> **REQUIREMENT**
Of the lines listed below, return exactly those that run from the line containing "Cama Tipo Box" through the line containing "LOUIS VUITTON Темно-синие", both included.

> **LISTED ENTRIES**

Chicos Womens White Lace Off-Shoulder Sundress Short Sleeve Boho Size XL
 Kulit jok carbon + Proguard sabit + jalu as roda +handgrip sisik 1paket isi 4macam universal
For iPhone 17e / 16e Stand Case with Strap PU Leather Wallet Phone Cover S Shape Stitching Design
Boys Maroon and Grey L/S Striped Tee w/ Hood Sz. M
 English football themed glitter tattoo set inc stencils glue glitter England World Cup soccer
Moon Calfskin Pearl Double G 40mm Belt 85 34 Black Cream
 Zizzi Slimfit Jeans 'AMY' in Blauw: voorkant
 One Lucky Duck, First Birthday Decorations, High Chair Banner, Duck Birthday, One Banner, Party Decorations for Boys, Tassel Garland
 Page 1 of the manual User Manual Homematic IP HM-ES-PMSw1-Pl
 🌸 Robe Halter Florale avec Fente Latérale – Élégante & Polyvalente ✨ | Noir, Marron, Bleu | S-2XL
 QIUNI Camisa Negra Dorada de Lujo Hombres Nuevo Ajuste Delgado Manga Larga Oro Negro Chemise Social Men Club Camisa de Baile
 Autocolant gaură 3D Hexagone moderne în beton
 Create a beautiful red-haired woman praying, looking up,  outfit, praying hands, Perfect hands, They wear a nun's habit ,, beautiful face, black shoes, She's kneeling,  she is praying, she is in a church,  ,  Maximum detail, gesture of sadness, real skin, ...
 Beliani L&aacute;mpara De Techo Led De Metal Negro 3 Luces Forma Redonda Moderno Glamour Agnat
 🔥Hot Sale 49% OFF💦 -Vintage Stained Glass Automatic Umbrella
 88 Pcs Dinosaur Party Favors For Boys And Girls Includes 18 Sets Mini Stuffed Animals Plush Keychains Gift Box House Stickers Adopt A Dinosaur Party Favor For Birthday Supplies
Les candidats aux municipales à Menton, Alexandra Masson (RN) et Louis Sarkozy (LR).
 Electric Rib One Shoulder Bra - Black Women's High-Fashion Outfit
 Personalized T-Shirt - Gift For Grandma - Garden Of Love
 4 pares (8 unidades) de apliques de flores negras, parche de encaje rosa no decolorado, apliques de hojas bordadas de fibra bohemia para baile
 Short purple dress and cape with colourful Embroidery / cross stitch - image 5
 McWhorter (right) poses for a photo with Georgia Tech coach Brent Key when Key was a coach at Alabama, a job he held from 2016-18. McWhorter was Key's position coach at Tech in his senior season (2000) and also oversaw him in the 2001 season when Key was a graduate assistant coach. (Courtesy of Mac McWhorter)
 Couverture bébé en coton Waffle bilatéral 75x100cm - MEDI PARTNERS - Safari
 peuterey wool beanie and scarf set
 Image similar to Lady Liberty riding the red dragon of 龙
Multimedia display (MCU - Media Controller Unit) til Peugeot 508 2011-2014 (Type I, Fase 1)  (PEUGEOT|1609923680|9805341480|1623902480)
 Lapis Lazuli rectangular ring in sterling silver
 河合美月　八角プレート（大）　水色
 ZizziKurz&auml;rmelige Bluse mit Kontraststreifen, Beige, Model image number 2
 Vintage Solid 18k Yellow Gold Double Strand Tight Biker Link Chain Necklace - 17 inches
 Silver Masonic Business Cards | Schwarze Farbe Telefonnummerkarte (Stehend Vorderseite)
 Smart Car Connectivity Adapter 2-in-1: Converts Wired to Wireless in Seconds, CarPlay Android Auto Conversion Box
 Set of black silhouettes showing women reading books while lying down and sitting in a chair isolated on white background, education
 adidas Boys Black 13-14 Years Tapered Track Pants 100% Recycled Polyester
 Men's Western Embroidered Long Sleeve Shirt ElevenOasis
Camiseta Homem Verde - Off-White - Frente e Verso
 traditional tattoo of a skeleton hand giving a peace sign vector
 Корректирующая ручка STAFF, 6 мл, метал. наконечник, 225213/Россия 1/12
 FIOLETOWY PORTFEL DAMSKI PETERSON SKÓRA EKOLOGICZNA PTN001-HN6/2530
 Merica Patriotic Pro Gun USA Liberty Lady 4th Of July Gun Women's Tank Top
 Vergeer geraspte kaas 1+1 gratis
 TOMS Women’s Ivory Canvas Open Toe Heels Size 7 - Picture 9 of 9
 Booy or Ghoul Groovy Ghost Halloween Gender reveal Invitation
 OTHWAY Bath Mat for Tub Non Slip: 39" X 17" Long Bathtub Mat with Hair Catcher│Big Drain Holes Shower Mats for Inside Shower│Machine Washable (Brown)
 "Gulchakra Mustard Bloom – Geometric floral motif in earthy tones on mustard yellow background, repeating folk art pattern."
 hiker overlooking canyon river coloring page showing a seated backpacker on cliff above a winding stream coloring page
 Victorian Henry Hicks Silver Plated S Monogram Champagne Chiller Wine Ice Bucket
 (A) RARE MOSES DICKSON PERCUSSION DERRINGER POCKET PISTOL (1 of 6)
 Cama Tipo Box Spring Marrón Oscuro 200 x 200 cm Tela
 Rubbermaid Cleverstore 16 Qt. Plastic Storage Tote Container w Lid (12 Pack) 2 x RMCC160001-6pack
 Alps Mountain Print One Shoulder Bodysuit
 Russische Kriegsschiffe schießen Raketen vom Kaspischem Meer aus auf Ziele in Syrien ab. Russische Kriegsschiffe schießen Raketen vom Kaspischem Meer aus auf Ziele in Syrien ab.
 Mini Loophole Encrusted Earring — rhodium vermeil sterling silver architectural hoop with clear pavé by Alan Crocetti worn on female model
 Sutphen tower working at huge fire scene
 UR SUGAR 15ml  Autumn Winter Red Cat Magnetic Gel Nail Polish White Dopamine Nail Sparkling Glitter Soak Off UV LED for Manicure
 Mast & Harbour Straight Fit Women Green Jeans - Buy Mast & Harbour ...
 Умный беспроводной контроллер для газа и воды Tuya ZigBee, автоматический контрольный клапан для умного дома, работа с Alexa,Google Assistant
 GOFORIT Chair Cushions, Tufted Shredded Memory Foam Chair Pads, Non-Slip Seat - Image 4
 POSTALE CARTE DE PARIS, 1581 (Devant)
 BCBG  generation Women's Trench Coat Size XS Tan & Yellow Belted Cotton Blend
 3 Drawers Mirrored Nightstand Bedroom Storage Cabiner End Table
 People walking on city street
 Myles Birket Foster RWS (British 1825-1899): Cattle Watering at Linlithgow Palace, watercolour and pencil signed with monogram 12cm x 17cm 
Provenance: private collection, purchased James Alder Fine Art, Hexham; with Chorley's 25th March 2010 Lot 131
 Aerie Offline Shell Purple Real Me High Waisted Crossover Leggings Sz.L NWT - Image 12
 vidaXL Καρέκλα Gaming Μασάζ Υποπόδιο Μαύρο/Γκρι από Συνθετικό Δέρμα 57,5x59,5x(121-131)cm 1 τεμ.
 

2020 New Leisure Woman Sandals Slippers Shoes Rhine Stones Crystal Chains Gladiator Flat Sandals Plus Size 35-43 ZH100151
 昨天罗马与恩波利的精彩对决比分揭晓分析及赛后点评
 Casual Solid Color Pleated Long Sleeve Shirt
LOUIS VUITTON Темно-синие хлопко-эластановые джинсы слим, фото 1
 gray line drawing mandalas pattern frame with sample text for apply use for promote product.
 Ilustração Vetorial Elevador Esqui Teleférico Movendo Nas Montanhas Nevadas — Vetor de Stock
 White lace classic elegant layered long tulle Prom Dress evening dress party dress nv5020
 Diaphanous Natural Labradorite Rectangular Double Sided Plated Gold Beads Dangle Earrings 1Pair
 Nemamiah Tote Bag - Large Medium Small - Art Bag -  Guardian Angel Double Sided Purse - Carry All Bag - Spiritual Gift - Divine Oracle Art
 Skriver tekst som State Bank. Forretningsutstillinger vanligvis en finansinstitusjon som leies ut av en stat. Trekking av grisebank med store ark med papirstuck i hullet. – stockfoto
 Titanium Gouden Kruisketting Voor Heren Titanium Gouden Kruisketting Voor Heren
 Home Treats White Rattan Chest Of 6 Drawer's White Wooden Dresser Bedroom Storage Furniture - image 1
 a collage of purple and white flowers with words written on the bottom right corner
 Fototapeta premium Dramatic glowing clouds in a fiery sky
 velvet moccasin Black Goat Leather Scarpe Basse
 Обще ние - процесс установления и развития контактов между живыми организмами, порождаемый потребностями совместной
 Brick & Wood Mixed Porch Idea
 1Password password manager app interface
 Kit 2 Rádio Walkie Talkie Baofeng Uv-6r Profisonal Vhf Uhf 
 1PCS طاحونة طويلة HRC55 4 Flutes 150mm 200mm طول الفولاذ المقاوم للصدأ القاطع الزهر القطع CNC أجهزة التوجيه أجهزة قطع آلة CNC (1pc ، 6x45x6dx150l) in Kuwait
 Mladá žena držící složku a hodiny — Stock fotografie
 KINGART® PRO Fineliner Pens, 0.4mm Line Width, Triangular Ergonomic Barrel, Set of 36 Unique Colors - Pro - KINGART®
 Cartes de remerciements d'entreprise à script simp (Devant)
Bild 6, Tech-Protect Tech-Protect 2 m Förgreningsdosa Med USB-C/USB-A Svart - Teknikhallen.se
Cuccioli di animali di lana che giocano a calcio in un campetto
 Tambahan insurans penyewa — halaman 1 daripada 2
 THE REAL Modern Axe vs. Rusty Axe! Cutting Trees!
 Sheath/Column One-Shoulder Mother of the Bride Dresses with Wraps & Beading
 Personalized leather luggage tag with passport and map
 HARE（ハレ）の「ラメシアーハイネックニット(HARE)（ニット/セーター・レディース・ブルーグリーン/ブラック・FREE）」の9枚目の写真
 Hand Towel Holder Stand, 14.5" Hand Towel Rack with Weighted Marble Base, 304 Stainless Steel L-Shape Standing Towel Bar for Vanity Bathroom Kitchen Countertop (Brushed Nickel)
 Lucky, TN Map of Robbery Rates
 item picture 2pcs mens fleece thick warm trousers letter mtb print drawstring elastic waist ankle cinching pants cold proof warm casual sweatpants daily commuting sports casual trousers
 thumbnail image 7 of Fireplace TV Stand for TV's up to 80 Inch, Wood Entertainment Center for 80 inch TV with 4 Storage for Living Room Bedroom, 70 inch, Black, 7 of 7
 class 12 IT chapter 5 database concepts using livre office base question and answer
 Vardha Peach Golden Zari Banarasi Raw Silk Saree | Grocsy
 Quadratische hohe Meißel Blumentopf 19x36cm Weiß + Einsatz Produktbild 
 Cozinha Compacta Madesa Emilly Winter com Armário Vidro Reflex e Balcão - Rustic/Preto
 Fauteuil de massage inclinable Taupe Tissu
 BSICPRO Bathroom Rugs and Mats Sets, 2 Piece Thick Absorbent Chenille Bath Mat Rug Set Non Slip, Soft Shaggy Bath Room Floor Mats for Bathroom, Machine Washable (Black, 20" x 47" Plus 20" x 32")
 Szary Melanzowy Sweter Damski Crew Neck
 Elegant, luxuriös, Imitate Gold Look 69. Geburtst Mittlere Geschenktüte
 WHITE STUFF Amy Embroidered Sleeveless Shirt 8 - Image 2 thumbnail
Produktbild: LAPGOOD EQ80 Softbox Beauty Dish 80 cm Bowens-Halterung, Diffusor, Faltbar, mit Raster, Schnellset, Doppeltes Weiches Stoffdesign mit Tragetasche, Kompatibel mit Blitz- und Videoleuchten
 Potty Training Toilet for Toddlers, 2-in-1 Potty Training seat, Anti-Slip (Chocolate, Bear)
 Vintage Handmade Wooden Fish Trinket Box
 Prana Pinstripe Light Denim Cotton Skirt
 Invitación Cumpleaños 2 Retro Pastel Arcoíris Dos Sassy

> **EXERCISE OUTPUT**
 Cama Tipo Box Spring Marrón Oscuro 200 x 200 cm Tela
 Rubbermaid Cleverstore 16 Qt. Plastic Storage Tote Container w Lid (12 Pack) 2 x RMCC160001-6pack
 Alps Mountain Print One Shoulder Bodysuit
 Russische Kriegsschiffe schießen Raketen vom Kaspischem Meer aus auf Ziele in Syrien ab. Russische Kriegsschiffe schießen Raketen vom Kaspischem Meer aus auf Ziele in Syrien ab.
 Mini Loophole Encrusted Earring — rhodium vermeil sterling silver architectural hoop with clear pavé by Alan Crocetti worn on female model
 Sutphen tower working at huge fire scene
 UR SUGAR 15ml  Autumn Winter Red Cat Magnetic Gel Nail Polish White Dopamine Nail Sparkling Glitter Soak Off UV LED for Manicure
 Mast & Harbour Straight Fit Women Green Jeans - Buy Mast & Harbour ...
 Умный беспроводной контроллер для газа и воды Tuya ZigBee, автоматический контрольный клапан для умного дома, работа с Alexa,Google Assistant
 GOFORIT Chair Cushions, Tufted Shredded Memory Foam Chair Pads, Non-Slip Seat - Image 4
 POSTALE CARTE DE PARIS, 1581 (Devant)
 BCBG  generation Women's Trench Coat Size XS Tan & Yellow Belted Cotton Blend
 3 Drawers Mirrored Nightstand Bedroom Storage Cabiner End Table
 People walking on city street
 Myles Birket Foster RWS (British 1825-1899): Cattle Watering at Linlithgow Palace, watercolour and pencil signed with monogram 12cm x 17cm 
Provenance: private collection, purchased James Alder Fine Art, Hexham; with Chorley's 25th March 2010 Lot 131
 Aerie Offline Shell Purple Real Me High Waisted Crossover Leggings Sz.L NWT - Image 12
 vidaXL Καρέκλα Gaming Μασάζ Υποπόδιο Μαύρο/Γκρι από Συνθετικό Δέρμα 57,5x59,5x(121-131)cm 1 τεμ.
 

2020 New Leisure Woman Sandals Slippers Shoes Rhine Stones Crystal Chains Gladiator Flat Sandals Plus Size 35-43 ZH100151
 昨天罗马与恩波利的精彩对决比分揭晓分析及赛后点评
 Casual Solid Color Pleated Long Sleeve Shirt
LOUIS VUITTON Темно-синие хлопко-эластановые джинсы слим, фото 1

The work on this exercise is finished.